Au vu de ce rapport et sur le fondement juridique selon lequel « nul ne doit causer à autrui de trouble anormal de voisinage », le Tribunal a condamné le propriétaire des équipements litigieux à indemniser les voisins victimes de ces nuisances. Il l’a fait à hauteur de 19 000 euros pour les préjudices subis, outre le remboursement des dépens d’un montant de 9 649,44 euros dont le rapport d’expertise, soit plus de 28 000 euros au total.

Ce jugement, commenté et reproduit en texte intégral ci-dessous, est riche d’enseignements.
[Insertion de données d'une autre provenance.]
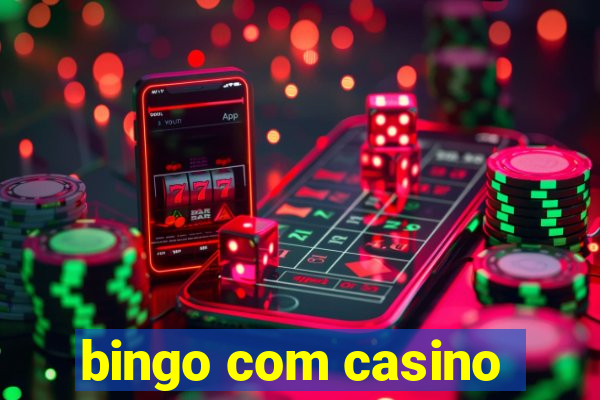 bingo com casino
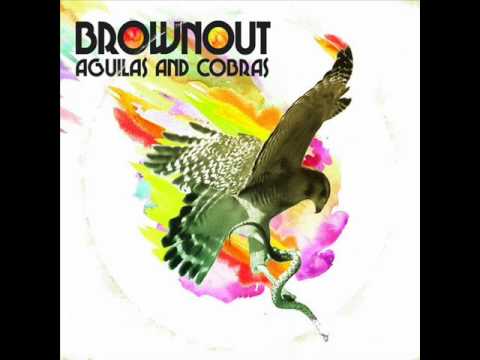 Brownout - Aguilas And Cobras.wmv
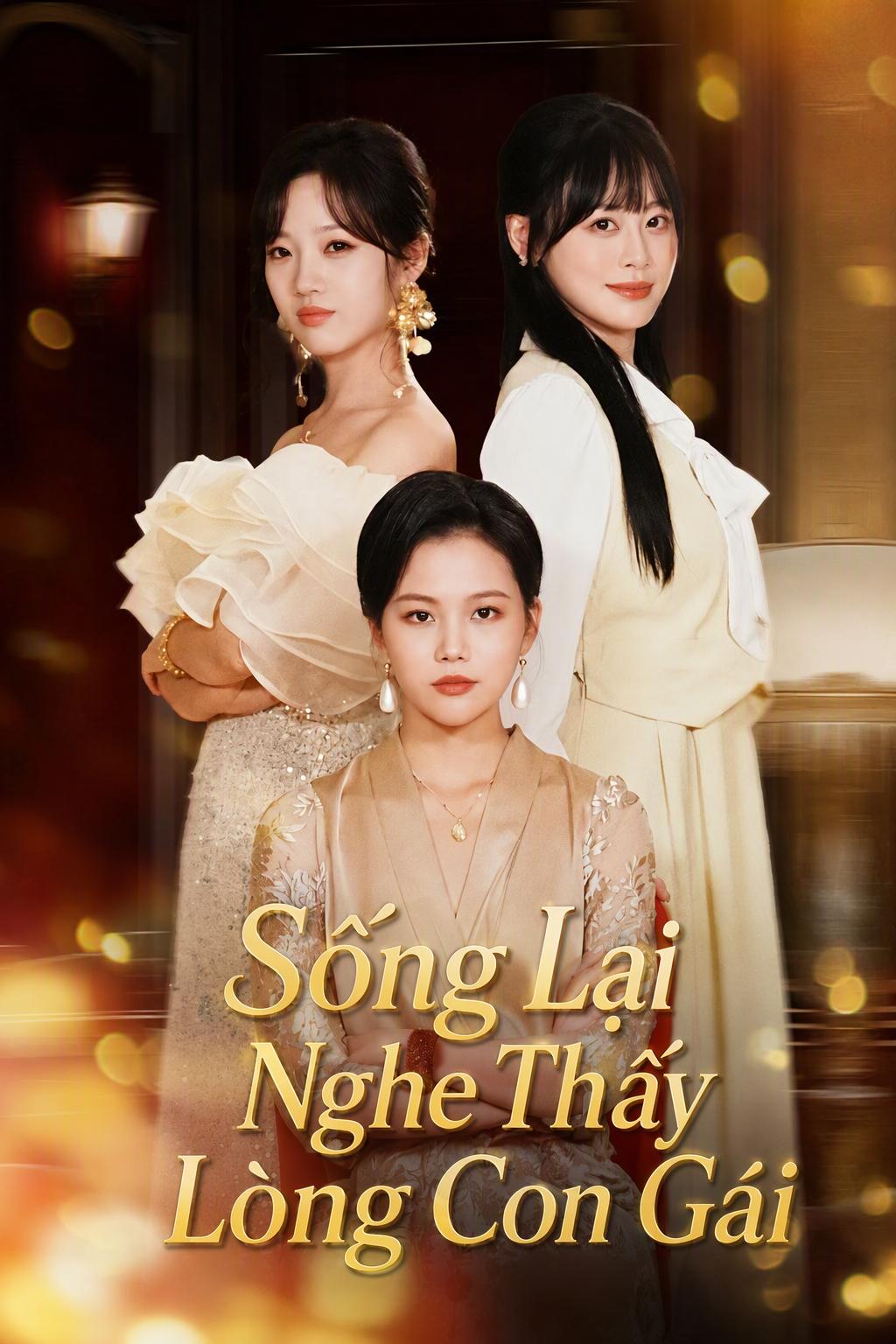 Sống Lại Nghe Thấy Lòng Con Gái
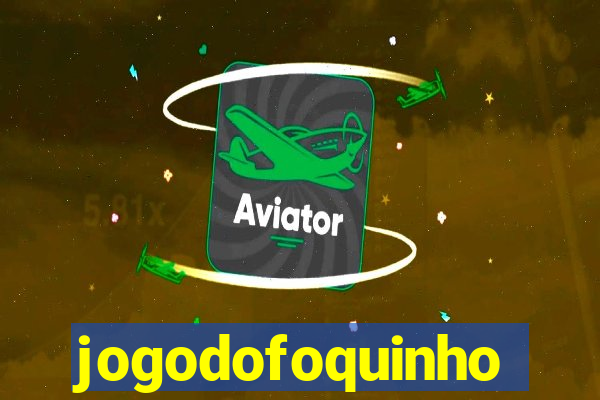 jogodofoquinho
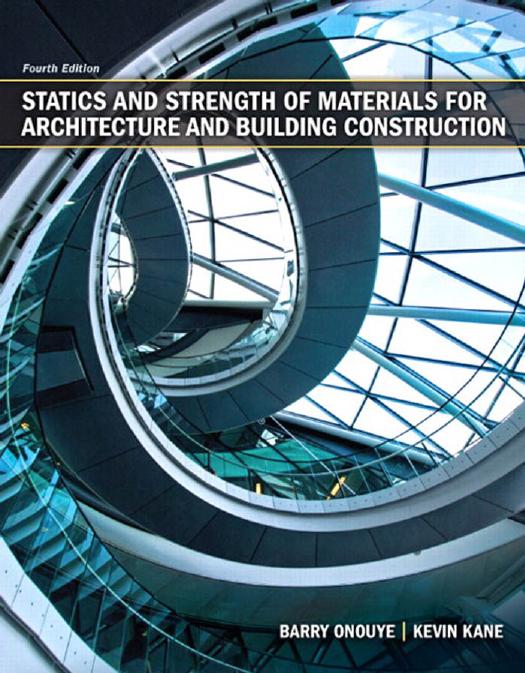 Statics and Strength of Materials for Architecture and Building Construction, 4th Edition by Barry S. Onouye Kevin Kane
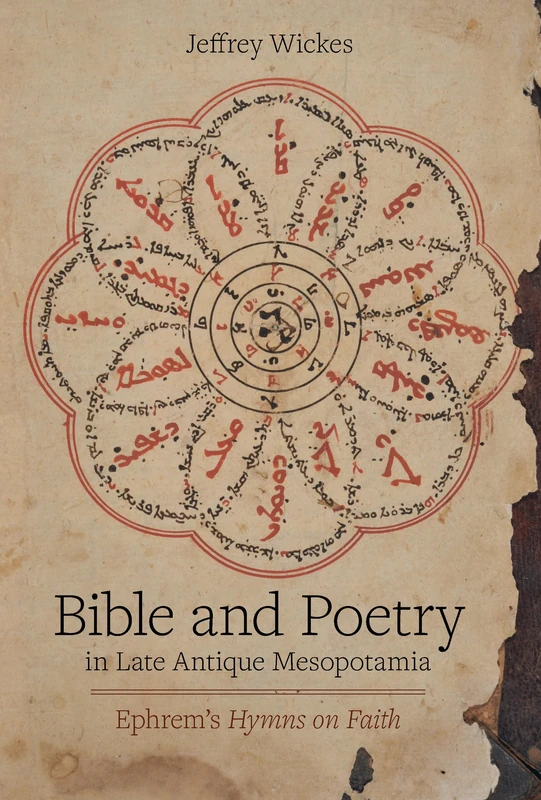 Bible and Poetry in Late Antique Mesopotamia: Ephrem’s Hymns on Faith: 5 (Christianity in Late Antiquity)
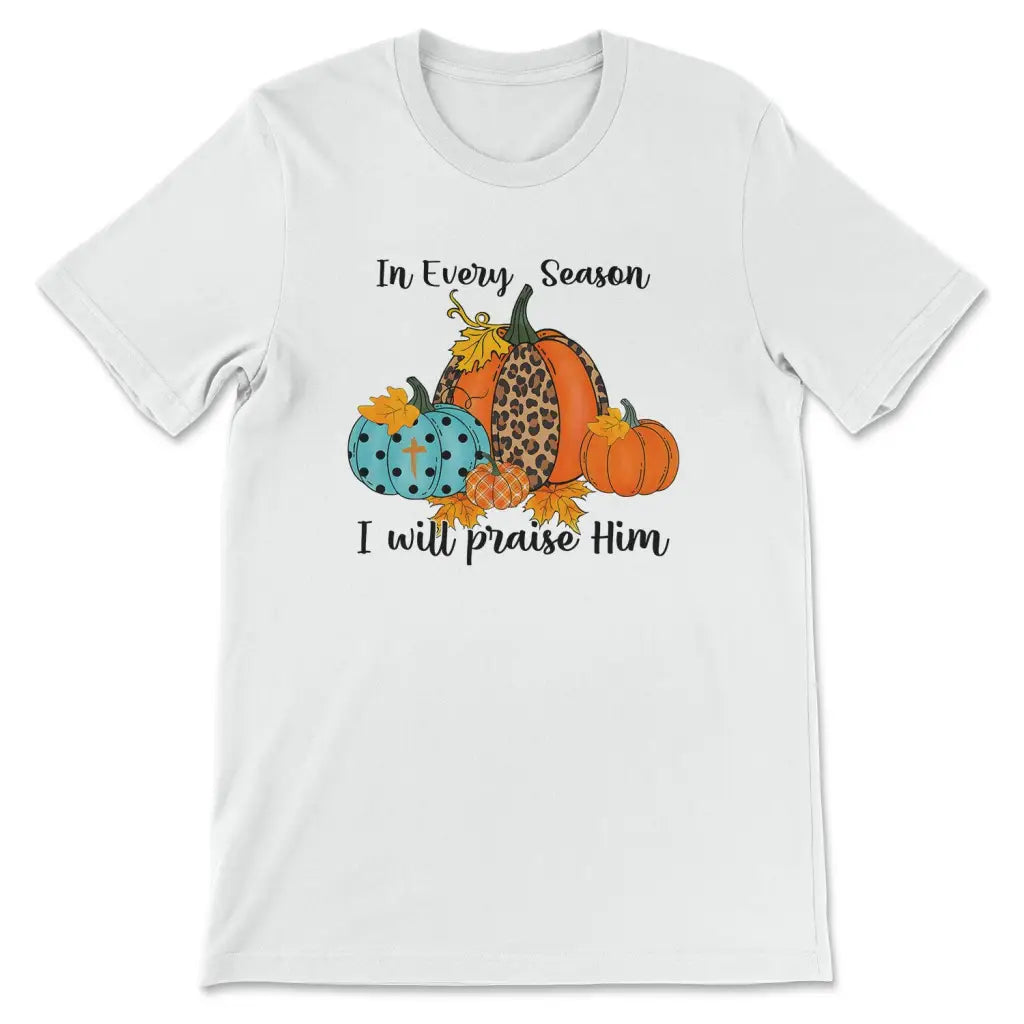 buy-the-latest-in-every-season-i-will-praise-him-pumpkin-t-shirt-fashion_1.webp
Mettant en avant la force probante de l’expertise judiciaire dans le domaine de l’acoustique, il permet de comprendre aussi comment cette expertise peut amener le défendeur à mettre fin au désordre avant même le procès au fond. Il retient enfin que le responsable des nuisances ne saurait valablement appeler en garantie son vendeur sans démontrer l’intention dolosive.

I. Présentation de l’affaire.

1°. Faits.

Les demandeurs avaient acquis, en 1979, une maison individuelle avec jardin.

En 2016, suite au changement de propriétaires de la maison adjacente, non mitoyenne, les demandeurs ont commencé à subir des troubles liés au fonctionnement de deux climatiseurs, de la VMC et de la pompe à chaleur de la piscine, situés à l’extérieur du domicile voisin.

Ces nuisances se traduisaient par des bruits de moteurs et de compresseurs.

2°. Procédure.

Pour faire cesser les troubles dont ils s’estimaient victimes, les propriétaires avaient sollicité du Président du Tribunal de Grande Instance de Créteil (devenu Tribunal judiciaire de Créteil) la désignation d’un Expert judiciaire aux fins d’établir la réalité et l’intensité des nuisances acoustiques résultant de ces équipements.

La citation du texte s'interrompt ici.